Has anyone used this or got any tips?

It says on the bottle that to get best results after you've applied the wax and buffed it off that you should lightly spray the surface with clean cold water and re-buff.

Not come across this technique before.


----------



## ScoobyTT (Aug 24, 2009)

Hi, I've used this on and off over the years in between my main wax. I used it to address minor swirling or for a quicker waxing process. It's good stuff and smells lovely. It's much like any other liquid wax in terms of application but because of the slight clay content it can leave a powedery residue accumulating at the edges after you take it off. With the TT having grooves around the rear window I'd say to take the wax off away from these so you don't get any of the powder going in the gap. The water spraying would help even up the finish though I never found I needed to do that. It would help with removing any collected powder too.


----------



## RichDean (Nov 24, 2009)

Thanks ScoobyTT, I gave it a go today and was REALLY impressed with the results. Didn't bother with the water spray as I didn't feel that I needed to.

Some pics up here:
http://www.ttforum.co.uk/forum/viewtopic.php?f=31&t=161783&sid=2a89b4938c71f5dc894dded8f0a41d79


----------



## davelincs (Jan 1, 2010)

what do you think to the zymol ,richdean?

?


----------



## RichDean (Nov 24, 2009)

Yeah it's very good. Was easy to apply, gave very little powdering, though I did buff it off before it dried.

It was noticeable over Mer, though that wax is very good, but this was much better.

The paint almost looked as reflective as the glass from some angles!


----------



## ScoobyTT (Aug 24, 2009)

I'd second that. The wax itself doesn't last as long as a more solid wax, but this is to be expected as it is a combination product. Where it shines (no pun intended) is in giving a gentle polish to the paint to help with swirls marks, restoring depth of colour and shine if paint is oxidised or suffering dappling from rain/sun combos. As it applies a wax too, it's good for doing this and getting some wax on to protect the paint until you can give it a full going over.


----------



## NickP (May 6, 2002)

davelincs said:


> what do you think to the zymol ,richdean?
> ?


The Zymol products you can buy in Halfords like this and the Zymol Shampoo, aren't truly Zymol products - they are made under license by Turtlewax - just something to bear in mind when comparing to the more expensive Zymol products..


----------



## ahaydock (Sep 19, 2006)

This product isn't too bad when used properly. Obviously wash the car well using the 2 bucket method and fully rinse to ensure the car is clean. If you can clay the car first. Then I would use either a Foam Applicator or MF Applicator and apply sparingly starting from the top down. Leave it for a min or 2 then buff with a MF Cloth.

The trick is not too use too much or it will get very dusty.

Smells nice


----------



## dooka (Apr 28, 2006)

It will leave white residue on all your plastics too..
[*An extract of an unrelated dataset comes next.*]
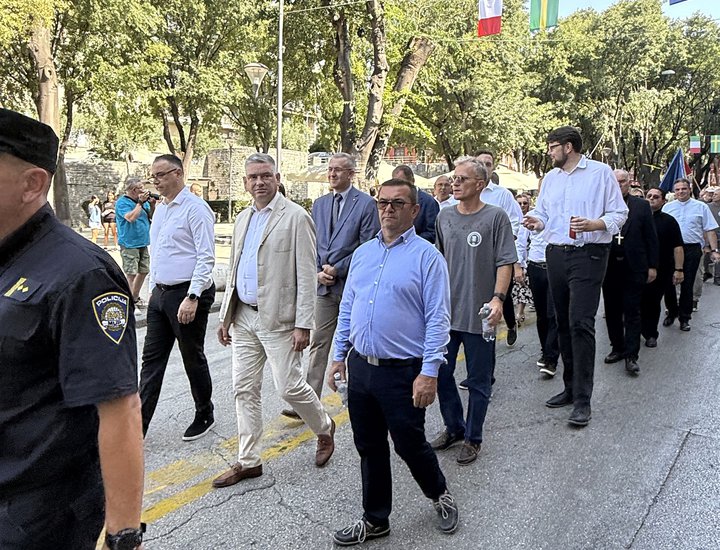 Con la 14ª Sfilata dei difensori croati della Regione Istriana è stata celebrata la Giornata della vittoria e del ringraziamento per la Patria e Giornata dei difensori croati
I would bin it, and get some decent wax, such as Megs #16, cheaper to boot, or if you want to stay with some liquid wax, some Collinite 845 Insulator Wax..

Or if you want to stay with the Zymol brand, some Zymol Carbon, around £40 IIRC..


----------



## ScoobyTT (Aug 24, 2009)

No don't bin it  That's a bit like saying "bin 303 Aerospace Protectant because it leaves smeary crud all over the paint".  Cleaner Wax is a dual purpose wax, but it's easy enough to avoid plastics. Easier than trying to avoid paint with fallout from a spray gun anyway hehehe  I found that nay powder from the clay in the cleaner wax would collect in grooves but this could be reduced by giving the buffing cloth a shake every now and then.


----------



## RichDean (Nov 24, 2009)

Got to admit I didn't get any white powder, but then I didn't leave it on long enough to dry properly. It does recommend on the bottle that you should apply it and then buff it off before it dries, and I've got to admit this did give me really good results.

It's been a week now and the car's filthy again, but it's noticeable that the wax has held up well under the dirt, if that makes any sense!

I did hear from a friend of mine that this kind of Zymol was is just a repackaged version of something else, but it's still very good.

Don't get me wrong, its not going to compete with the high performance products like collonite, but that isn't really why I bought it. This time of year, the car gets dirty within about a day or two anyway, so I just wanted a good wax that will give the paintwork a bit of loving, make the car look nice, and most importantly give the paintwork a level of protection.

As soon as spring comes, I'm going to invest in some proper detailing products - clay bar, polish, glaze, sealant, and maybe a wax on top.


----------